I can see that in a sense... yes, if a specific program has certain 
properties, then it may be possible to extend the proof-generator (i.e., 
the type checker) to be able to prove those properties.  However, I 
remain inconvinced that the same is true of the LANGUAGE.  Comments in 
this thread indicate to me that even if I could write a type-checker 
that checks correctness in a general-purpose programming language, and 
that language was Scheme, there would be Scheme programmers who would 
prefer not to use my Scheme+Types language because it would pester them 
until they got everything perfect before they could run their code, and 
Scheme would remain a separate dynamically typed (i.e., from a type 
theory perspective, untyped) language despite my having achieved all of 
the wildest dreams of the field of type theory.  In that sense, I don't 
consider this a limitation of type theory.

(Two notes: first, I don't actually believe that this is possible, since 
the descriptions people would give for "correct" are nowhere near so 
formal as the type theory that would try to check them; and second, I am 
not so sure that I'd want to use this new language either, for anything 
except applications in which bugs are truly life-threatening.)

> Think of it like this: the more ambitious a language's type system is, 
> the fewer uncaptured static properties remain in the code of programs in 
> that language.  However, there are plenty of languages with rather weak 
> static type systems.  In those cases, code has more static properties 
> that aren't captured by the type system.

Yes, I agree with this.

> I'm pointing out that in many 
> of these cases, those properties resemble types, to the point that it 
> can make sense to think of them and reason about them as such, applying 
> the same sort of reasoning that an automated type inferencer applies.

It often makes sense to apply the same sort of reasoning as would be 
involved in static type inference.  I also agree that there are 
properties called types, which are frequently the same properties caught 
by commonly occurring type systems, and which enough developers already 
think of under the word "type" to make it worth trying to change that 
EXCEPT when there is an explicit discussion going on that touches on 
type theory.  In that latter case, though, we need to be very careful 
about defining some group of things as not-types across the scope of all 
possible type systems.  There are no such things a priori, and even when 
you take into account the common requirement that a type system is 
tractable, the set of things that are not-type because it's provably 
impossible to check them in polynomial time is smaller than the 
intuitive sense of that word.

Essentially, this use of "type" becomes problematic when it is used to 
draw conclusions about the scope, nature, purpose, etc. of static types.

This answers a good number of the following concerns.

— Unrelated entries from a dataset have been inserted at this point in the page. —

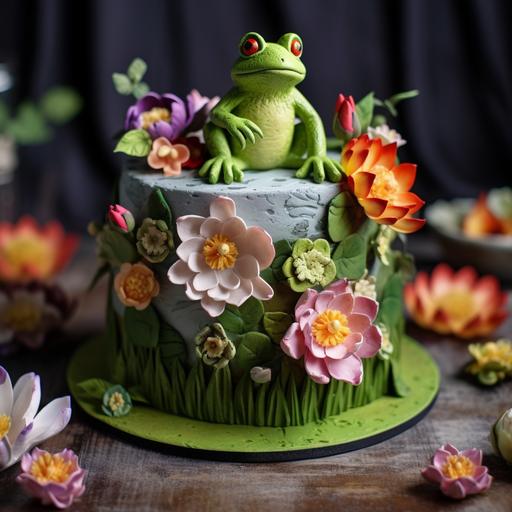 2-tier froggy birthday cake with flowers and lilypads, food photography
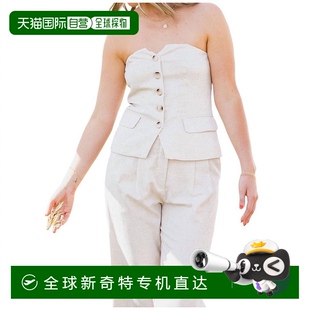 自营 美国奥莱直发 lucy paris玛丽莲纽扣管上衣米色
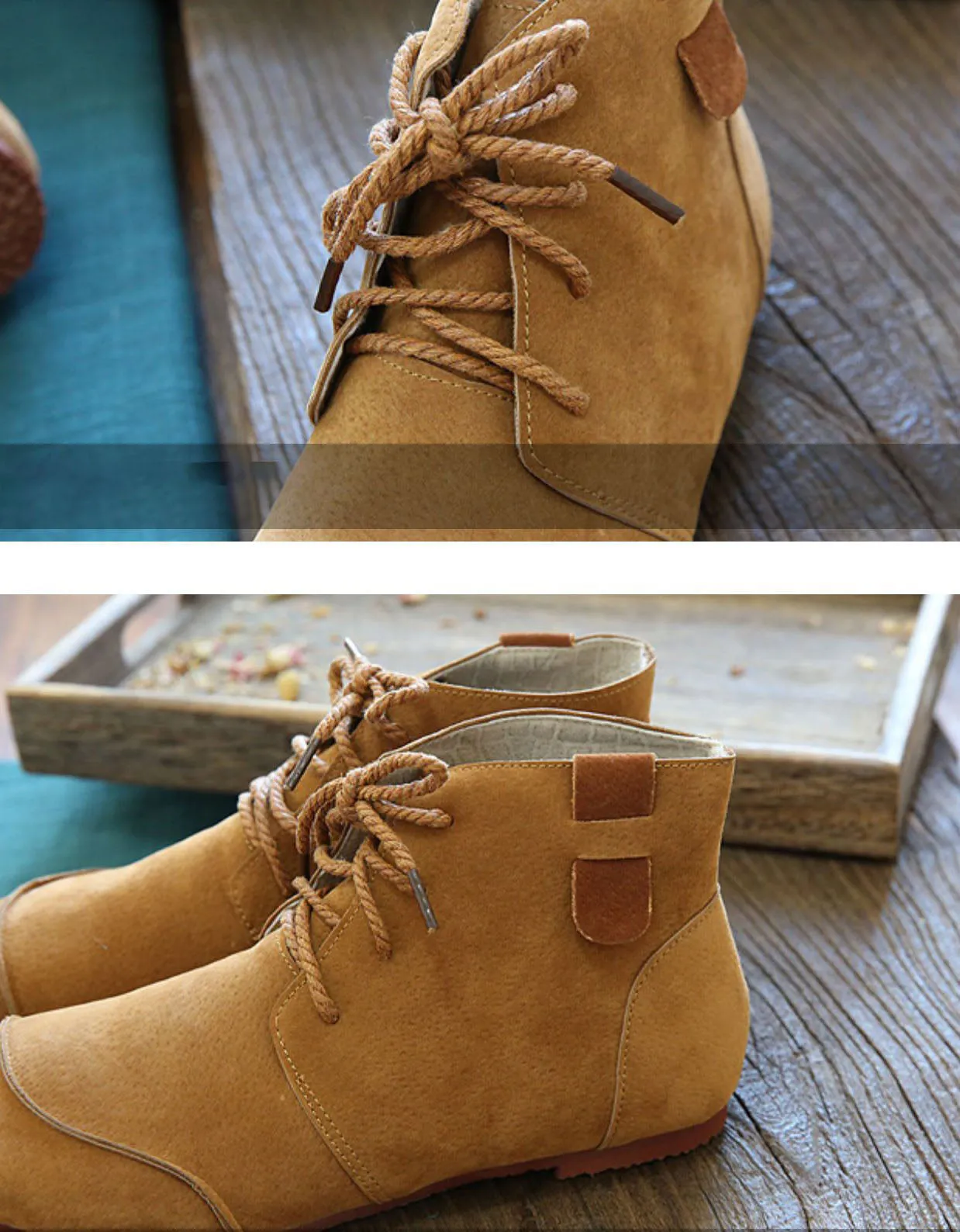 Suede Lace-up Round Toe Flat Ankle Boots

> > I see it as quite reasonable when there's an effort by several 
> > participants in this thread to either imply or say outright that static 
> > type systems and dynamic type systems are variations of something 
> > generally called a "type system", and given that static type systems are 
> > quite formally defined, that we'd want to see a formal definition for a 
> > dynamic type system before accepting the proposition that they are of a 
> > kind with each other.  
> 
> A complete formal definition of what I'm talking about may be impossible 
> in principle, because if you could completely formally define it, you'd 
> have a static type system.

That may not actually be the case.  Lots of things may be formally 
defined that would nevertheless be different from a static type system.  
For example, if someone did provide a rigorous definition of some 
category of type errors that could be recognized by some defined process 
as such, then the set of language features that detect and react to 
these errors could be defined as a type system.  Chris Uppal just posted 
such a thing in a different part of this thread, and I'm unsure at this 
point whether it works or not.  The problem with earlier attempts to 
define type errors in this thread is that they either tend to include 
all possible errors, or are distinguished by some nebulously defined 
condition such as being commonly thought of in some way by some set of 
human beings.

> If that makes you throw up your hands, then all you're saying is that 
> you're unwilling to deal with a very real phenomenon that has obvious 
> connections to type theory, examples of which I've given above.  That's 
> your choice, but at the same time, you have to give up exclusive claim 
> to any variation of the word "type".

I really think it's been a while since I claimed any such thing... and 
even at the beginning, I only meant to challenge that use of type in 
comparing static and dynamic type systems.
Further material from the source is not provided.